JACKSONVILLE – This would be a remarkable comeback story.
Brennan Williams knows that. He knows, too, many people figure he won't be making it back at all.
But Williams, a 24-year-old right tackle who underwent two significant knee surgeries in the last two seasons before signing with the Jaguars last week, said he doesn't necessarily see himself as a comeback story.
Yes, the last two years have been difficult. And yes, obstacles have been overcome.
But Williams, a third-round selection by the Houston Texans in the 2013 NFL Draft, said he has never doubted himself. And when it comes to being able to play at the level at which he played before two microfracture knee surgeries, he certainly doesn't doubt himself now.
"I'm better off for it," Williams said this week.
And Williams means more than mentally, too.
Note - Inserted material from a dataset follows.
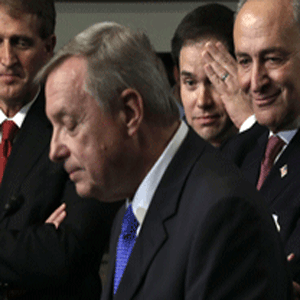 U.S. Sen. Richard Durbin (D-IL) (2nd L) speaks as (L-R) Sen. Jeff Flake (R-AZ), Sen. Marco Rubio (R-FL), and Sen. Chuck Schumer (D-NY) listen during a news conference on immigration reform April 18, 2013 on Capitol Hill in Washington, DC. The senators discussed the 'Border Security, Economic Opportunity, and Immigration Modernization Act'. Alex Wong/Getty Images/AFP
To hear him tell it, he feels stronger and better overall than he has in a long, long time.
He said he proved this to himself throughout a long, difficult rehabilitation. That process culminated in a sense when he signed with the Jaguars after a workout in Jacksonville last week.
"It's taken a long time, and I know microfracture is kind of the buzzword right now – the career-changing injury – but I've put together the best possible team to get to get back to the point where I was at," Williams said. "It's been a long time coming, but I've been working with some great guys and my rehab has gone well. I'm close to 100 percent, and I'm three months early for that."
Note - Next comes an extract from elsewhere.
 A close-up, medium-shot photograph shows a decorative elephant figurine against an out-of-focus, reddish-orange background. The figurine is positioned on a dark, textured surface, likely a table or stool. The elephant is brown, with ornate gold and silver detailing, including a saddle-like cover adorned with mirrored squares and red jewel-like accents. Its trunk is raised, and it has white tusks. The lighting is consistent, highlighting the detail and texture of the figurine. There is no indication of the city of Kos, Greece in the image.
Signing with Jacksonville was a good day, and though it hardly guarantees him a roster spot, it was a welcome positive moment for a player who has been through a lot of tough ones lately.
Williams, selected No. 89 overall in 2013 by Houston, played in just one game that preseason before undergoing microfracture surgery. That ended his rookie season. And when the Texans released him in July 2014 with a failed physical designation after learning a second surgery was needed. He wasn't surprised. Nor was he bitter.
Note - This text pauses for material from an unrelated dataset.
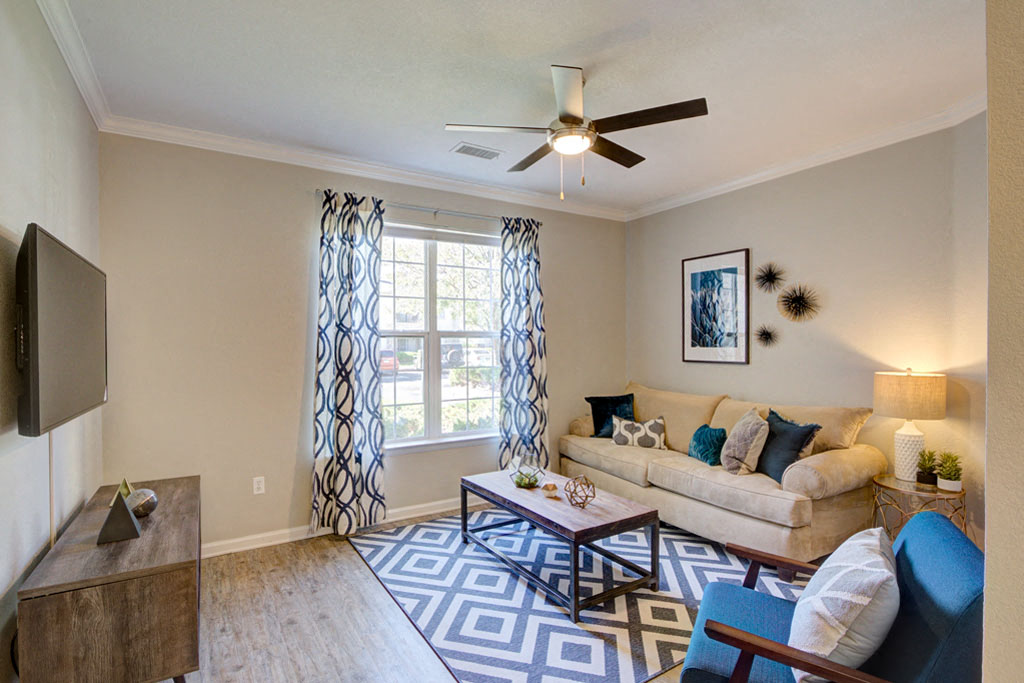 a living room with a couch and a ceiling fan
"Obviously, you'd like for things to go better," he said. "The last time I got cut was eighth grade basketball. It's hard to take rejection, but I understand it's a business. I wouldn't have kept me around another year after I found out I needed another surgery."
But while he understood the Texans' decision, Williams said he never saw the release as the end of the NFL.
Williams underwent a second microfracture surgery last August to address issues that he said arose during the first rehabilitation process. He called the situation "unfortunate," and said while the issues were related "in the sense that sometimes when you're rehabbing an injury other things go wrong," each is now healed.
"It's tough to have that kind of a break, but I figure you end up where you're supposed to end up," he said. "You put your nose to the grindstone and keep on working."
Williams added with a laugh, "I've got my career injuries out of the way early."
Williams, a native of North Easton, Massachusetts, who played collegiately at North Carolina, had his surgery performed by renowned knee surgeon Brian Cole. He then spent last fall rehabilitating with a decided New England feel. He worked with trainer Alex Guerrero, who also works with Patriots quarterback Tom Brady, and also worked with Edge Performance Systems in Foxboro, where he worked out in high school.
"It was sort of a 'Rocky' back-to-my-roots time," he said with a laugh.
Williams also worked last fall with former Patriots offensive line coach Dante Scarneccia, long considered one of the NFL's top coaches at the position.
"From a technique standpoint, I feel better than ever," he said, adding of his overall health, "I don't think I'm as big of a risk as other people might think I am. I feel great. I feel better than I did my sophomore year of college. It is a tough surgery but you take what you've got and you make what's best of it.
"I don't think I'm a risk at all and I think everybody's going to see that pretty soon."
Where Williams fits with the Jaguars remains to be seen. The Jaguars have a need at right tackle, where he will compete, but free agency and the draft also remain options.
That's the future, and for Williams a key date in that future comes in mid-March. That's when he will arrive in Jacksonville to begin preparing for the team's voluntary offseason program, which is scheduled to begin in late April.
"The sun is definitely coming out," he said by telephone this week. "I'm sitting here in seven feet of snow, and my wife is very relieved we're going to be down in sunny Jacksonville in a couple of weeks. It's been a long road to get there, but this is where I'm meant to be. The situation couldn't be better for me. I'm just very fortunate.
"When you go through this kind of thing, especially since I've been off the grid so long, you kind of get written off. All I can do is keep working and get to where I need to be.
"Obviously I did well enough that the Jaguars gave me a chance, so I'm very excited for that."